From the first line of the listing to the last, set down everything exactly, but skip the images.

> INFORMATION PROVIDED:
______

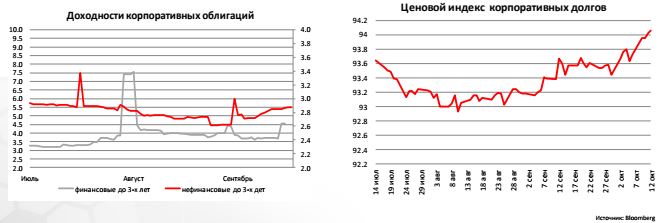 Доходности корпоративных облигаций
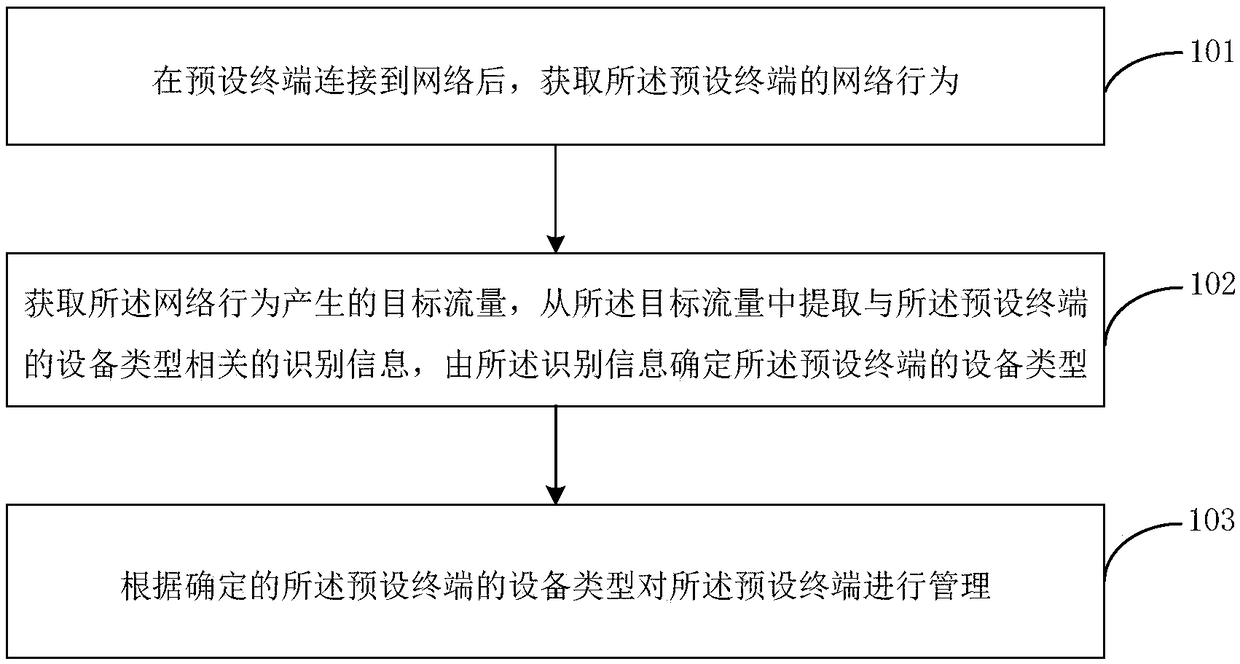 Device type recognition method and device of terminal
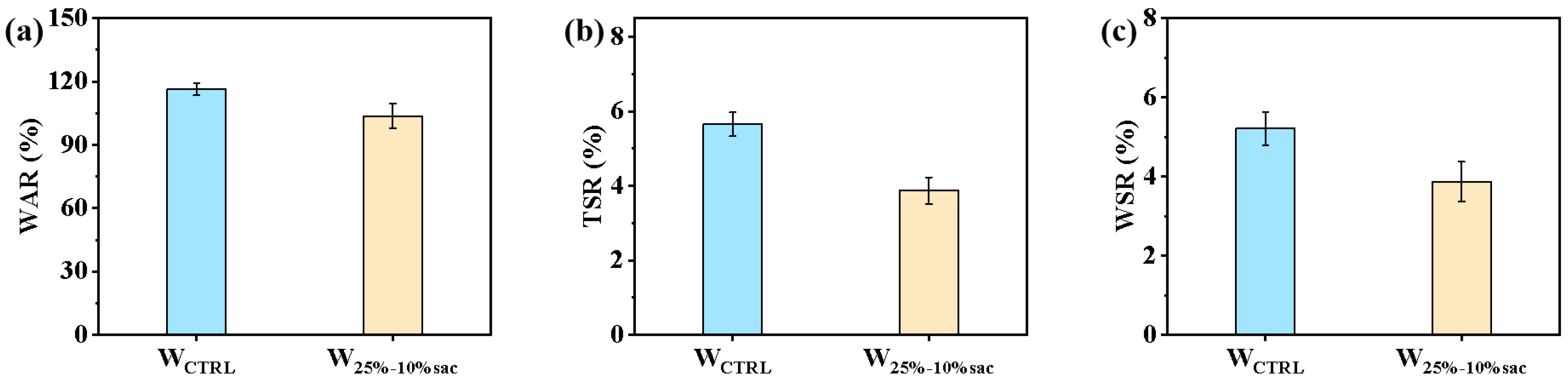Polymers 14 05277 g006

______

> EXPECTED ANSWER:
 Доходности корпоративных облигаций
 Device type recognition method and device of terminal
Polymers 14 05277 g006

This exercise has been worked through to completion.